SIMD Game Math in C++
"Vectorized 3D math for games: SSE/AVX2 intrinsics, GLM's SIMD backend, SoA for batch transforms, and auto-vectorization hints."
TL;DR
SIMD (Single Instruction Multiple Data) processes 4–8 floats in one instruction. For game math — transforming thousands of entities, frustum culling, physics broadphase — SIMD is 4–8× faster than scalar code.

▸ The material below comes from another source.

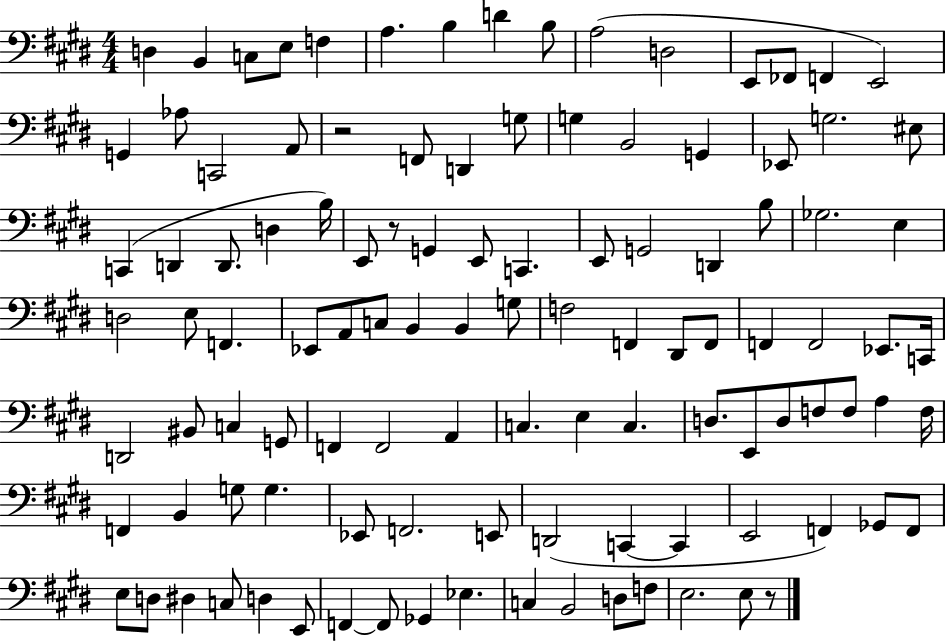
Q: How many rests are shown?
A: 3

Use GLM's SIMD backend for convenience or raw intrinsics for maximum control.
Why game math needs SIMD
A typical frame might transform 10,000 entities:
Scalar: 10,000 × 4×4 matrix × vec4 = 640,000 multiplications
SSE: Same work in ~160,000 instructions (4× throughput)
AVX2: Same work in ~80,000 instructions (8× throughput)SIMD is not micro-optimization here — it's the difference between 2ms and 0.25ms for bulk transforms.
GLM with SIMD
GLM auto-uses SSE/AVX when you define the right macros:
// Before any GLM include
#define GLM_FORCE_INTRINSICS // enable SIMD
#define GLM_FORCE_AVX2 // target AVX2 (or GLM_FORCE_SSE42)

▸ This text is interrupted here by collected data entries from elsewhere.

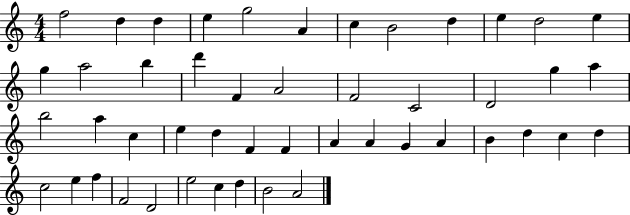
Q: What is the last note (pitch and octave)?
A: A4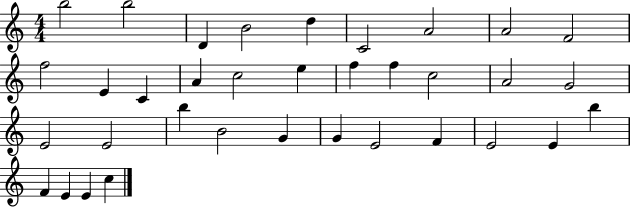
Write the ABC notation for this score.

X:1
T:Untitled
M:4/4
L:1/4
K:C
b2 b2 D B2 d C2 A2 A2 F2 f2 E C A c2 e f f c2 A2 G2 E2 E2 b B2 G G E2 F E2 E b F E E c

#define GLM_FORCE_INLINE // force-inline hot functions
#define GLM_FORCE_ALIGNED_GENTYPES // 16-byte aligned types
#include <glm/glm.hpp>
#include <glm/gtc/matrix_transform.hpp>
// Same API — SIMD happens inside GLM
glm::vec4 v{1.0f, 0.0f, 0.0f, 1.0f};
glm::mat4 m = glm::rotate(glm::mat4{1.0f}, angle, glm::vec3{0, 1, 0});
glm::vec4 result = m * v; // uses SIMD internallyRaw SSE intrinsics
For critical paths where you need full control:
#include <immintrin.h> // SSE2/SSE4/AVX2
// Dot product of two vec3s (padded to 16 bytes)
float dot_sse(const float* a, const float* b) {
__m128 va = _mm_load_ps(a); // requires 16-byte alignment
__m128 vb = _mm_load_ps(b);
__m128 mul = _mm_mul_ps(va, vb);
// Horizontal add: mul[0]+mul[1]+mul[2]
__m128 shuf = _mm_shuffle_ps(mul, mul, _MM_SHUFFLE(2, 3, 0, 1));
__m128 sums = _mm_add_ps(mul, shuf);
shuf = _mm_movehl_ps(shuf, sums);
sums = _mm_add_ss(sums, shuf);
return _mm_cvtss_f32(sums);
}
// Normalize 4 vec3s simultaneously (AoSoA layout)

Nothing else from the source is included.